2005-01-05 20:06:45

by Jan-Frode Myklebust

[permalink] [raw]
Subject: panic - Attempting to free lock with active block list

We have a couple of mail-servers running first 2.6.9-1.681_FC3smp
and was later upgraded to the Fedora test kernel 2.6.10-1.727_FC3smp
which I think is pretty plain 2.6.10 + ac2. But they both keep
crashing with the message:

Kernel panic - not syncing: Attempting to free lock with active block list

Any ideas how to attack this?

We're running Centos 3.3, ext3 for root-disks, ext2 on /boot,
XFS for mail-spools, lots of nfs-mounted directories..


-jf


2005-01-05 20:36:08

by Chris Wright

[permalink] [raw]
Subject: Re: panic - Attempting to free lock with active block list

* Jan-Frode Myklebust ([email protected]) wrote:
> We have a couple of mail-servers running first 2.6.9-1.681_FC3smp
> and was later upgraded to the Fedora test kernel 2.6.10-1.727_FC3smp
> which I think is pretty plain 2.6.10 + ac2. But they both keep
> crashing with the message:
>
> Kernel panic - not syncing: Attempting to free lock with active block list
>
> Any ideas how to attack this?
>
> We're running Centos 3.3, ext3 for root-disks, ext2 on /boot,
> XFS for mail-spools, lots of nfs-mounted directories..

It seems likely it's nfs related in this case since it stresses the
fs/locks code differently than local filesystems. I recall Steve French
reporting similar issue with cifs last month.

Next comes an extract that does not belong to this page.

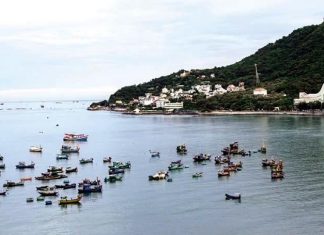 Tri thức bản địa trong văn hóa biển, đảo Việt Nam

Message-Id: <[email protected]>

Are those three cases really panic-worthy? Could we change to BUG_ON()
and try and get some useful debugging? Trond, Willy, any ideas?

thanks,
-chris

===== fs/locks.c 1.76 vs edited =====
--- 1.76/fs/locks.c 2005-01-04 18:48:28 -08:00
+++ edited/fs/locks.c 2005-01-05 12:31:34 -08:00
@@ -159,14 +159,20 @@ static inline void locks_free_lock(struc
BUG();
return;
}
- if (waitqueue_active(&fl->fl_wait))
- panic("Attempting to free lock with active wait queue");
+ if (waitqueue_active(&fl->fl_wait)) {
+ printk("Attempting to free lock with active wait queue");
+ BUG();
+ }

- if (!list_empty(&fl->fl_block))
- panic("Attempting to free lock with active block list");
+ if (!list_empty(&fl->fl_block)) {
+ printk("Attempting to free lock with active block list");
+ BUG();
+ }

- if (!list_empty(&fl->fl_link))
- panic("Attempting to free lock on active lock list");
+ if (!list_empty(&fl->fl_link)) {
+ printk("Attempting to free lock on active lock list");
+ BUG();
+ }

if (fl->fl_ops) {
if (fl->fl_ops->fl_release_private)

2005-01-05 21:54:08

by Jan-Frode Myklebust

[permalink] [raw]
Subject: Re: panic - Attempting to free lock with active block list

On Wed, Jan 05, 2005 at 12:32:07PM -0800, Chris Wright wrote:
>
> It seems likely it's nfs related in this case since it stresses the
> fs/locks code differently than local filesystems. I recall Steve French
> reporting similar issue with cifs last month.

Also found this on the linux-cifs-client list:

http://lists.samba.org/archive/linux-cifs-client/2004-December/000617.html

Is the suggested fix also relevant for fs/nfs/file.c ?


-jf

2005-01-05 21:58:40

by Trond Myklebust

[permalink] [raw]
Subject: Re: panic - Attempting to free lock with active block list

on den 05.01.2005 Klokka 12:32 (-0800) skreiv Chris Wright:
> * Jan-Frode Myklebust ([email protected]) wrote:
> > We have a couple of mail-servers running first 2.6.9-1.681_FC3smp
> > and was later upgraded to the Fedora test kernel 2.6.10-1.727_FC3smp
> > which I think is pretty plain 2.6.10 + ac2. But they both keep
> > crashing with the message:
> >
> > Kernel panic - not syncing: Attempting to free lock with active block list
> >
> > Any ideas how to attack this?

Well, the prevailing theory tends to start along the lines of "find out
how to reproduce the problem...". ;-)

Looking at the NFS code, I can attempt a wild guess about what may be
happening: there may be a race when pressing ^C in the middle of a
blocking NFS lock RPC call, and if so, the following patch will fix it.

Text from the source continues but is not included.